- [TASK TO CARRY OUT]: Repeat the span of the entries below that starts at the line with "es Salaam Buy" and ends at the line with "Imagem Casa com", nothing more. Skip the pictures.

- [DATA EXTRACT]:
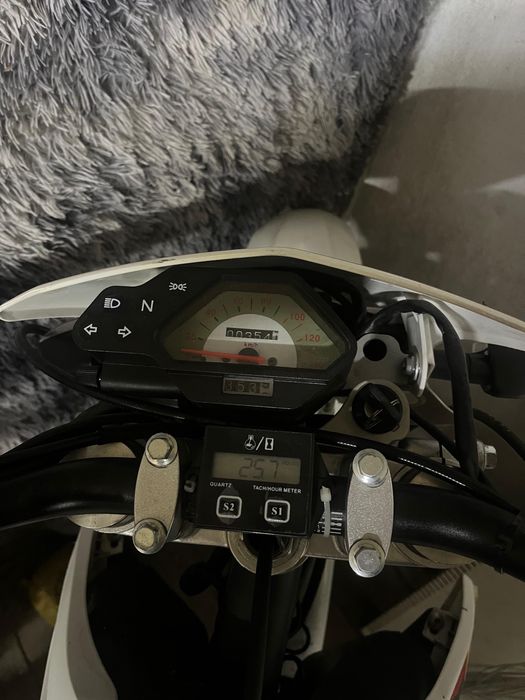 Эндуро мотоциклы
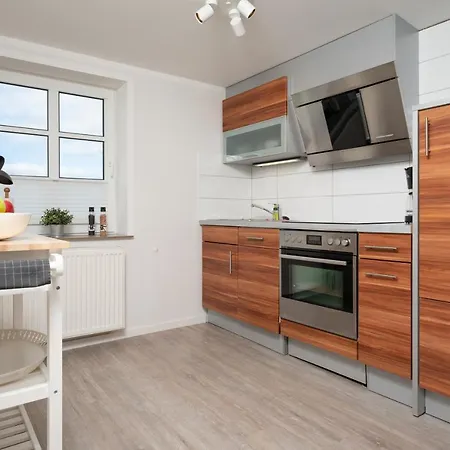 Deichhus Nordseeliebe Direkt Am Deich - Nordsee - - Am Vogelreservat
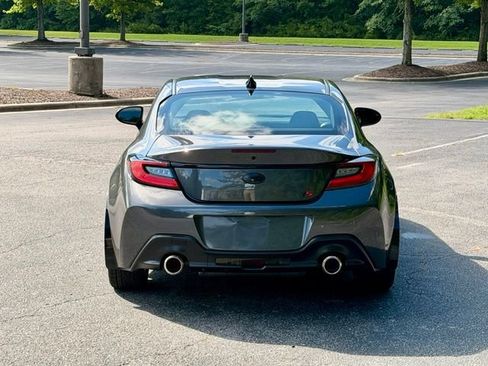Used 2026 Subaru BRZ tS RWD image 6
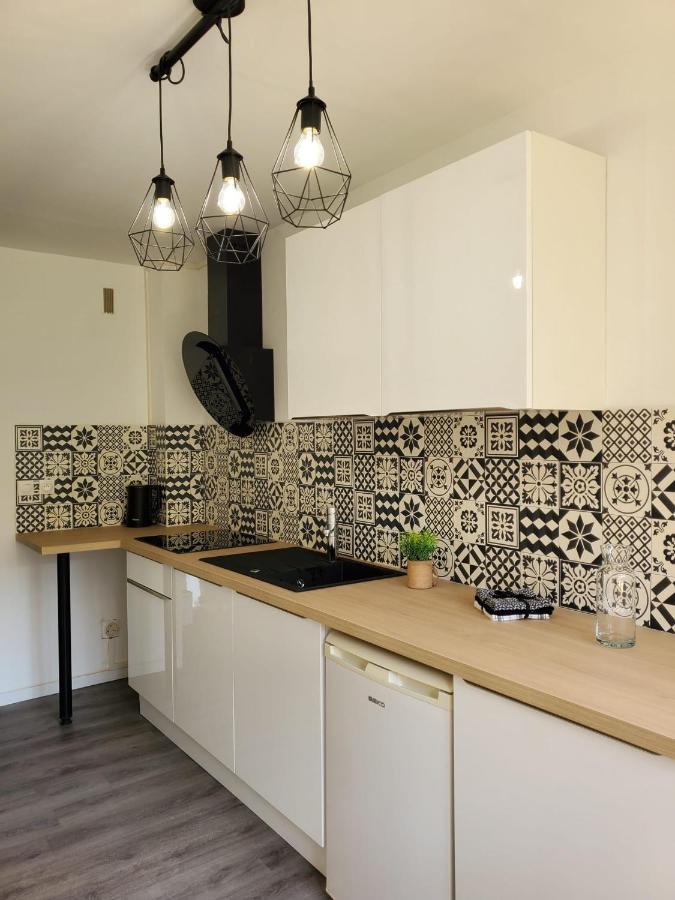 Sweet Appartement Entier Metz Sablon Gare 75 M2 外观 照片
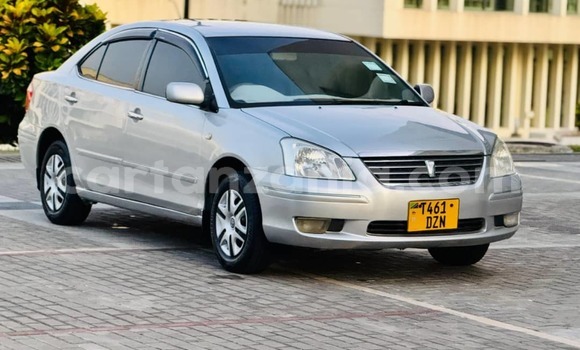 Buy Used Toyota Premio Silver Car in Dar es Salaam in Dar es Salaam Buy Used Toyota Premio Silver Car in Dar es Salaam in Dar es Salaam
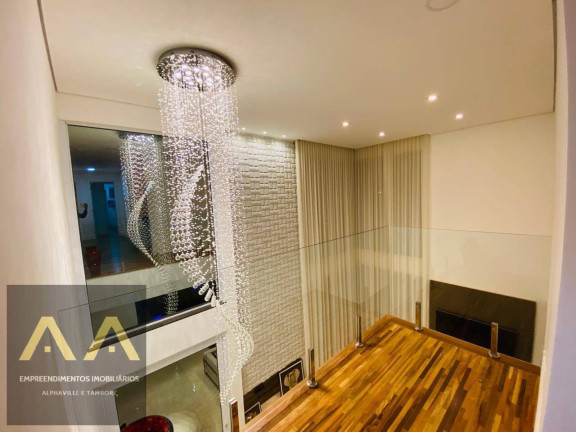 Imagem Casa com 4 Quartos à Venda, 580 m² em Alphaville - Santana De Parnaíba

==

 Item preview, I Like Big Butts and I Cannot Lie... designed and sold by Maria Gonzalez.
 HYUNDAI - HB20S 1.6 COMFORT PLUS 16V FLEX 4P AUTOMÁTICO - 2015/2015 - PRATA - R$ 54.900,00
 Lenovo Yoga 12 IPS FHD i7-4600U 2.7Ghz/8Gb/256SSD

- [TASK RESPONSE]:
 Buy Used Toyota Premio Silver Car in Dar es Salaam in Dar es Salaam Buy Used Toyota Premio Silver Car in Dar es Salaam in Dar es Salaam
 Imagem Casa com 4 Quartos à Venda, 580 m² em Alphaville - Santana De Parnaíba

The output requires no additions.